The Chancellor of the diocese of Ely, Judge Leonard QC, said that he had the power to grant a faculty to allow for a memorial which did not conform to the regulations, but he had to exercise that discretion carefully, remembering his duty to preserve the churchyard for generations to come.
Judge Leonard refused to grant the faculty. Although Mrs Scott would feel aggrieved that she would be denied the same stone as others, because she had gone about the application in the right way by petitioning for a faculty, Judge Leonard said, he could not allow the application only because others had flouted the regulations in the past.
Having seen the photographs, he said, it was inevitable that in almost every case no chancellor would have granted a faculty for their erection.
In his judgment, the emotional distress that would result if he were to require those headstones to be removed could not justify such a course, particularly in cases where many years had passed since the headstone was erected, he said.

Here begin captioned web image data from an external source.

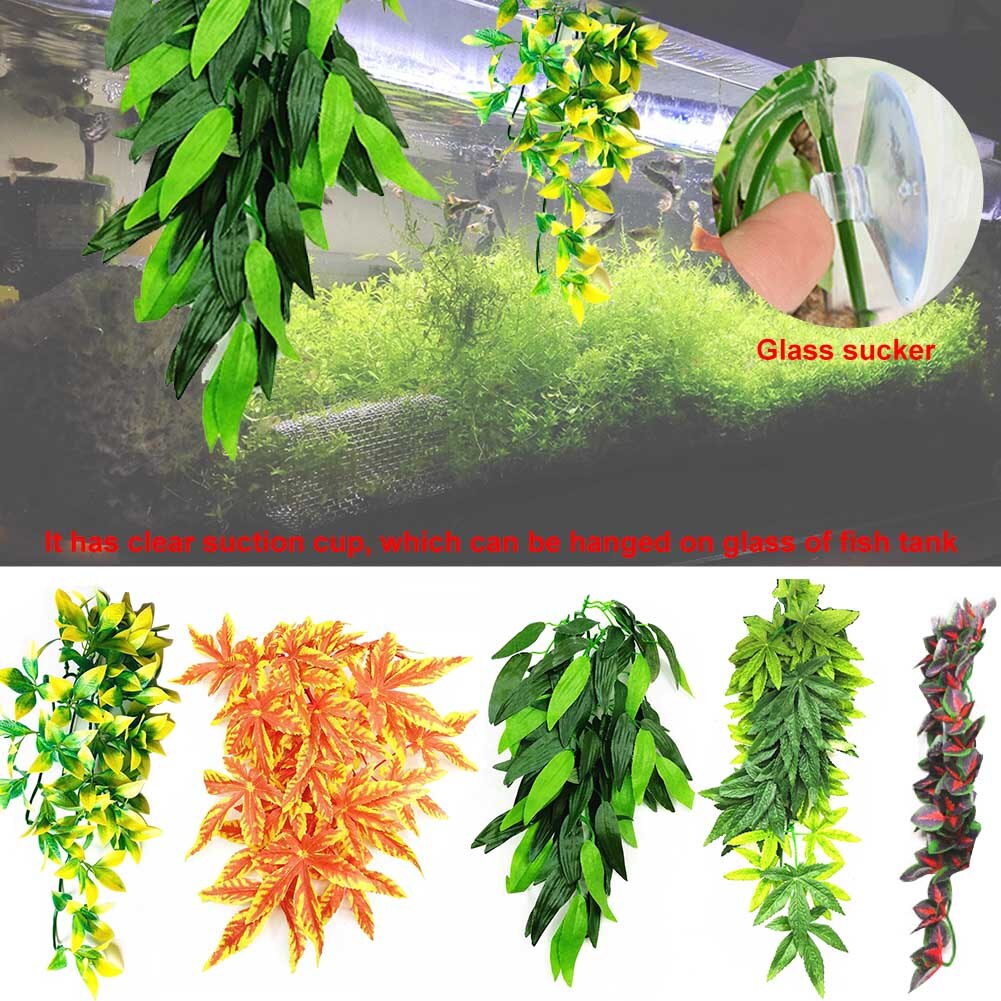 12 Inch Realistic With Suction Cup Hanging DIY Plastic Decorative Artificial Vine Simulated Plant Handmade Fish Tank For Reptile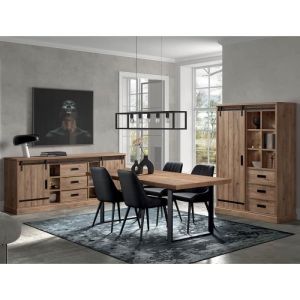 CEDRA - Ensemble S&eacute;jour Industriel Complet avec Table 200cm Pi&egrave;tement U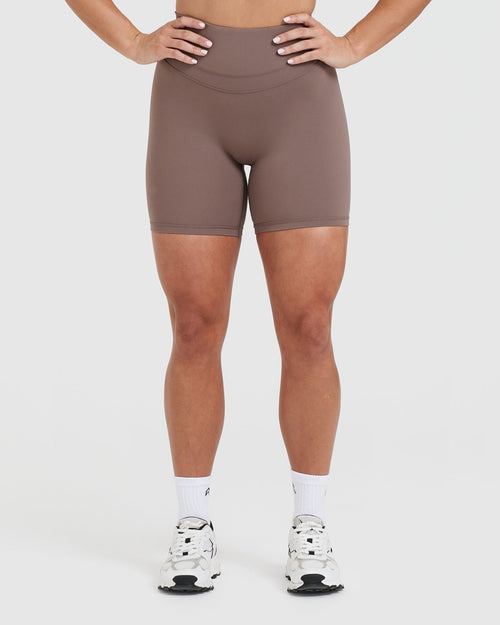 UnifiedMove™ High Waisted Shorts 6" | Cool Brown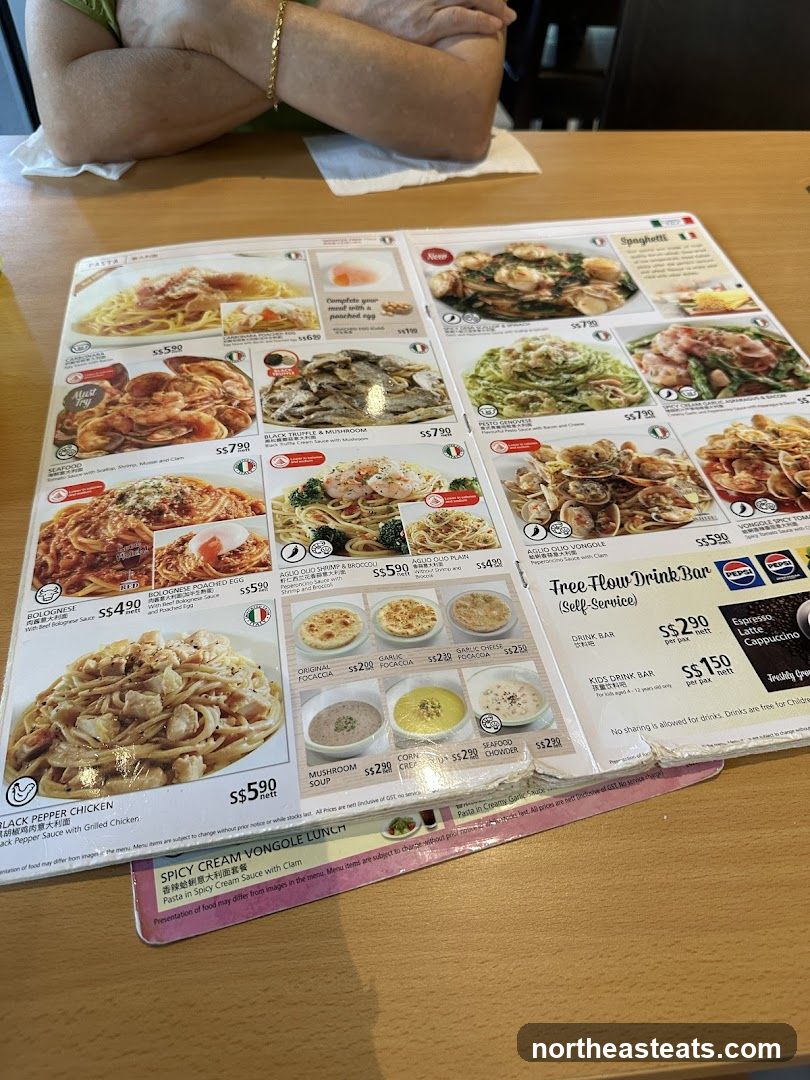 Pasta Menu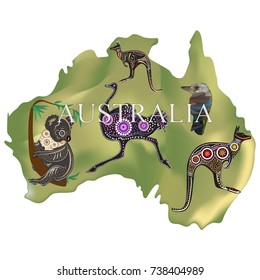 Australia card and its animals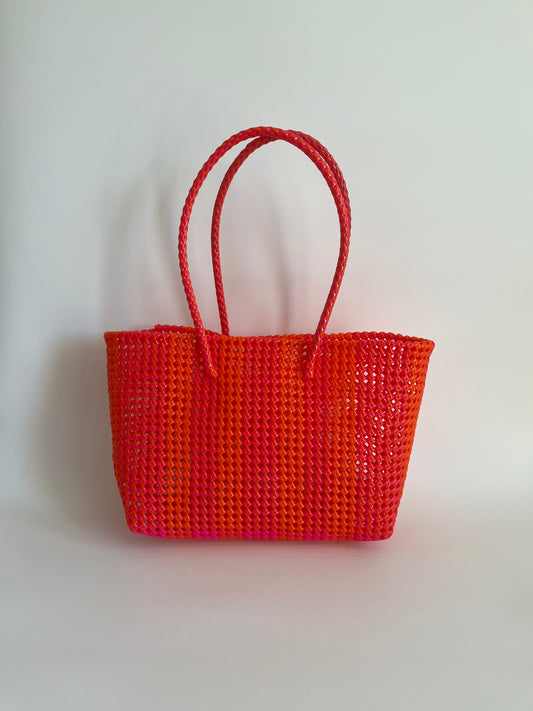 N°113L bis - SAC COLORÉ - GRAND - rose fluo & orange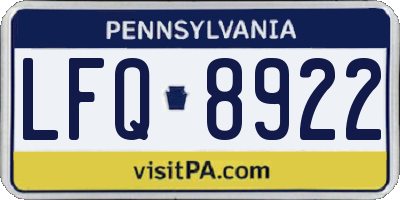 PA license plate LFQ8922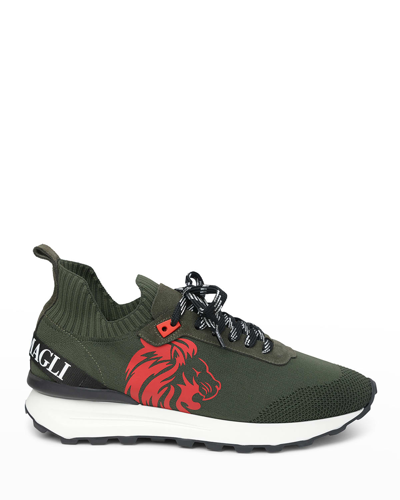 Shop Bruno Magli Men's Dion Stretch-knit Logo Sneakers In Military Green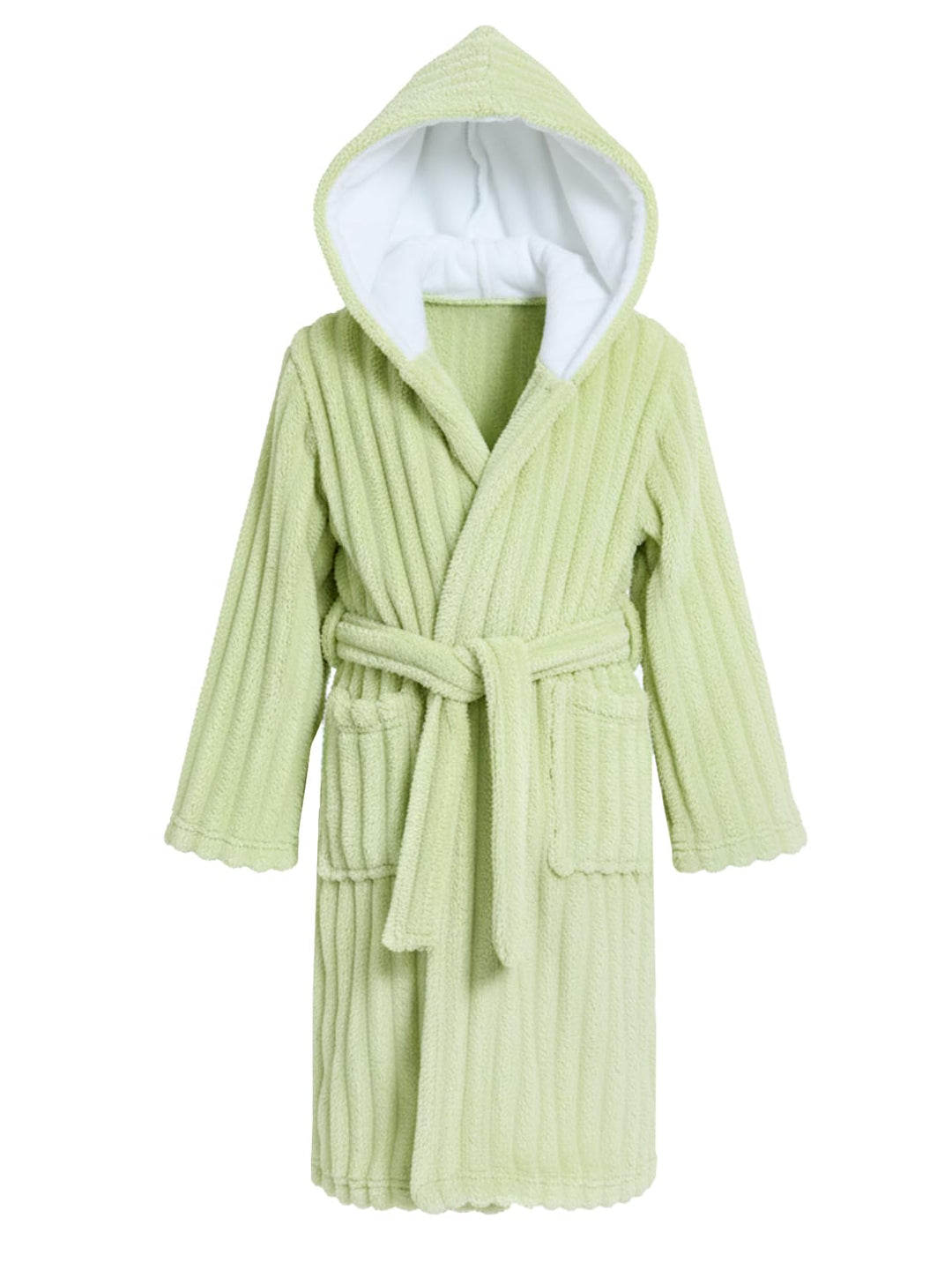 JiAmy Kapuzen Bademantel für Mädchen Flauschiger Fleece Plüsch Langer Schlafmantel Kinder Grün 13-14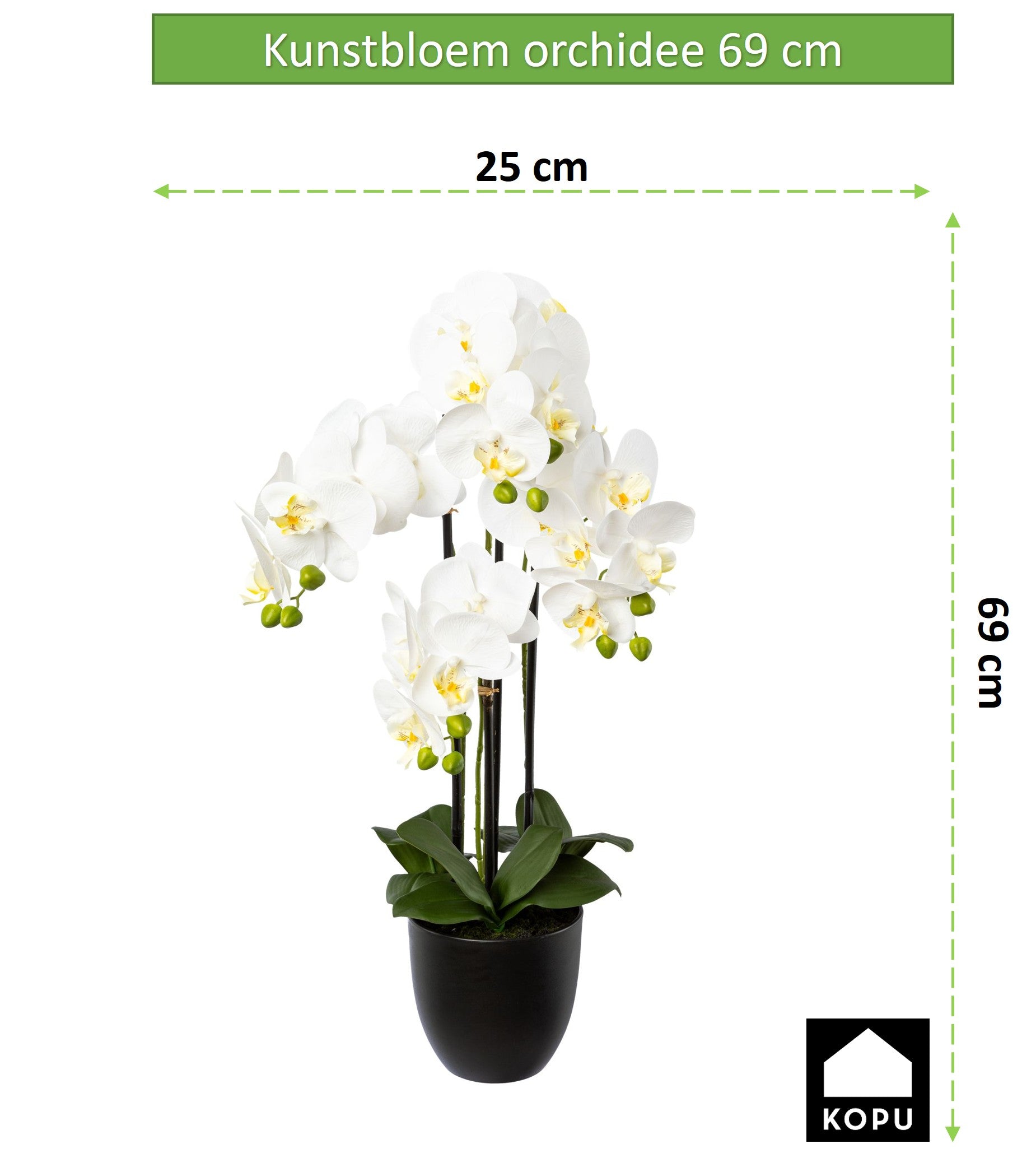 Kopu® Kunstbloem Orchidee 69 cm Wit met zwarte Pot - Phalenopsis
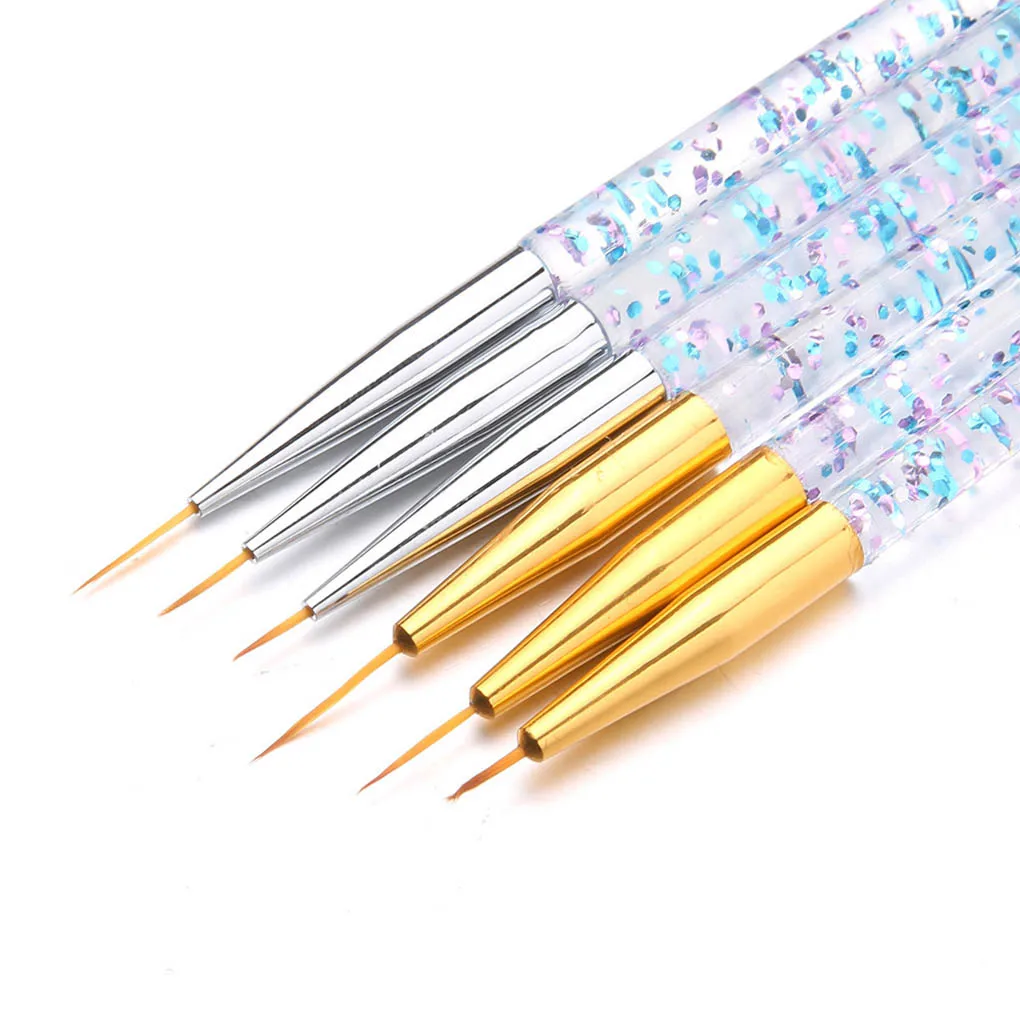 

Hot! 3PCS Acrylic French Stripe Nail Art Liner Brush Set 3D Tips Manicure Ultra-thin Line Drawing Pen UV Gel Painting Brushes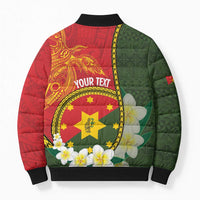 Personalised PNG Isten Hailans Provins Bomber Puffer Jacket Papua New Guinea Plumeria Melanesian Pattern - Polynesian Pride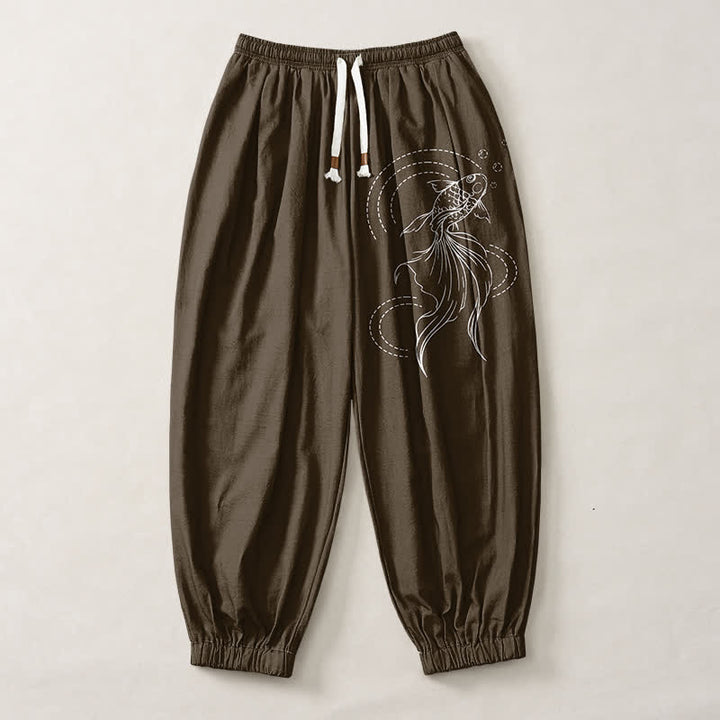 Buddha Stones Pantalones harem para hombre de algodón puro con estampado de peces koi, cordón ajustable y bolsillos. - image 13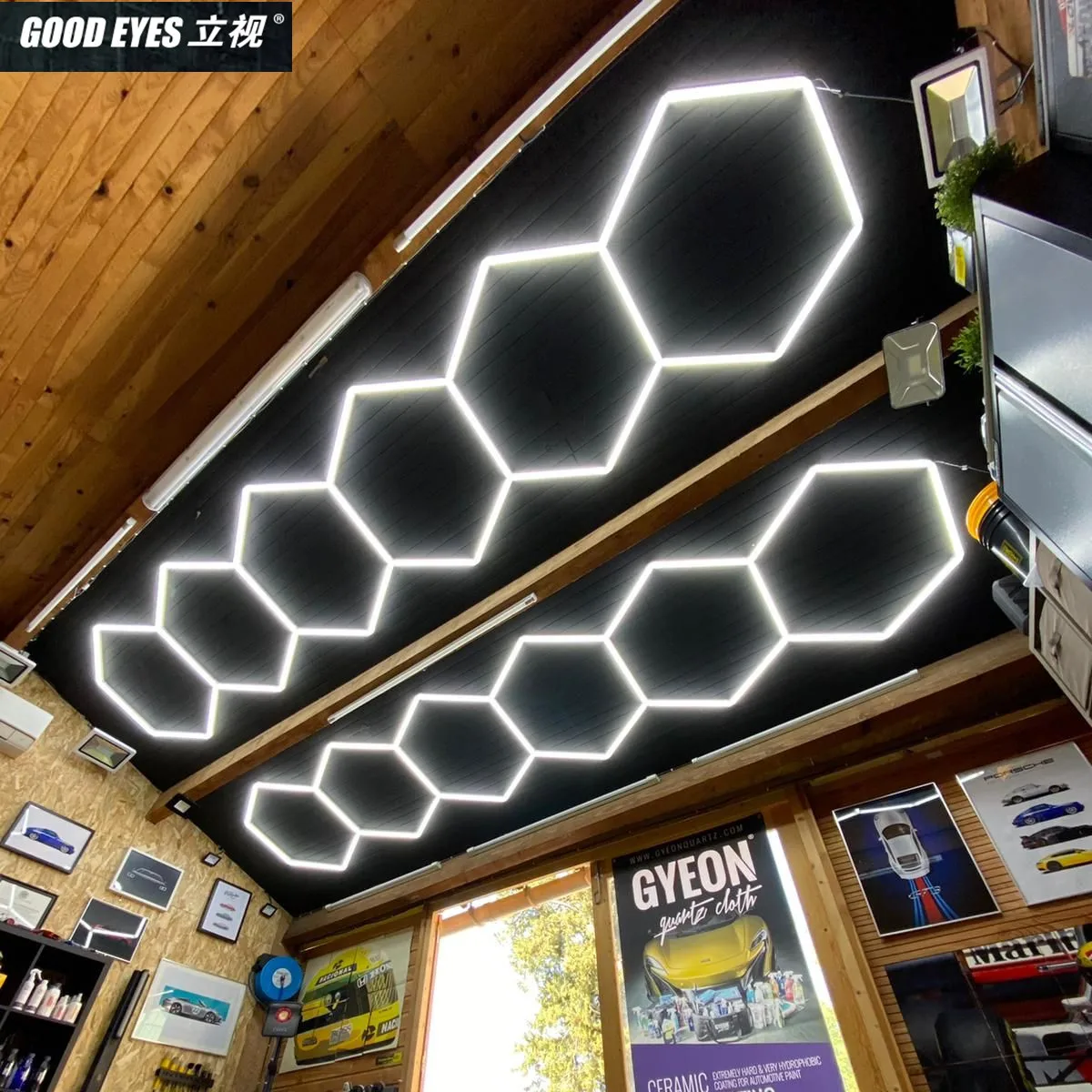

Customized One Row Hexagon Lights Garage Led Tube Ceiling for Barbershop Salon Car Beauty Wash Workshop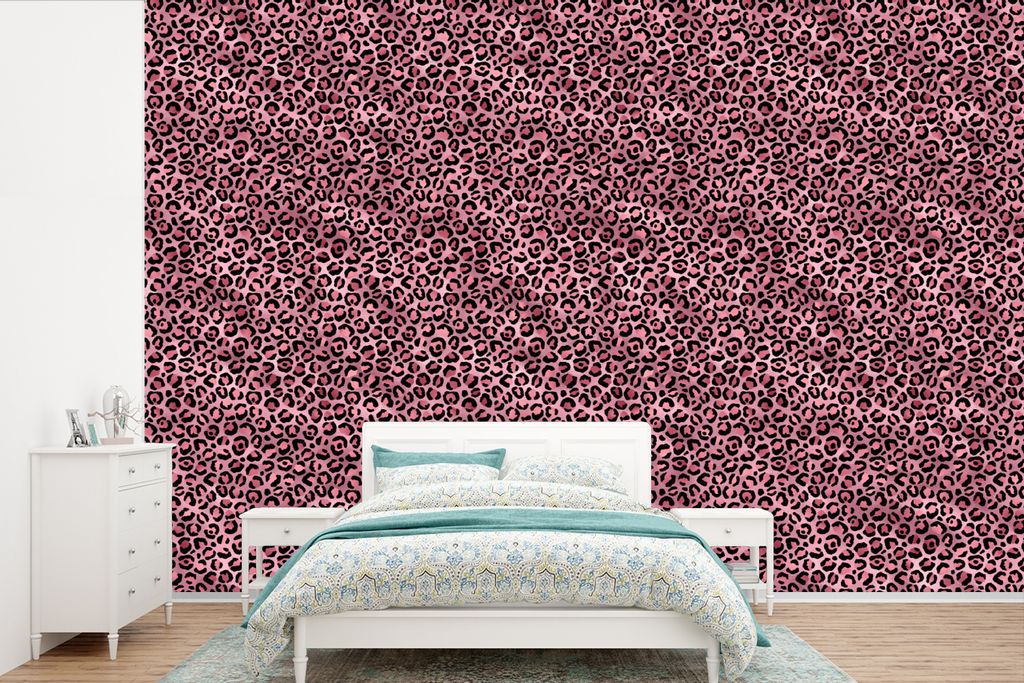 MuchoWow Fototapete für Wohnzimmer oder Schlafzimmer Wandtapete Vinyl Motivtapete Panther - Rosa - Tiermotiv - Muster - 330x220 cm - Fototapeten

For that reason, he did not intend to take action of his own volition in respect of the offending headstones.
He would, however, consider any application for a restoration order by the archdeacon, the parish priest, or any other person appearing to have a sufficient interest in the matter.
The second case was from the Consistory Court of Coventry, in respect of an application by David Weatherson to erect a headstone over his father’s grave in the churchyard of St John the Baptist, Berkswell, which is Grade I listed. The only objection to the proposed headstone was that it was to be in honed grey granite, although there already were a few such stones in the churchyard.
Mr Weatherson, who lived in Birmingham diocese, had engaged a reputable firm of monumental masons there, and had had the memorial cut and engraved, and had paid for it. Both he and the masons assumed that the honed granite would be acceptable.
Mr Weatherson said that he had made an error in not checking the position before arranging for the memorial to be made; but, he said, the memorial should be permitted, because there were already some memorials of honed granite in the churchyard, and because the memorial had been made and paid for as the result of an honest mistake.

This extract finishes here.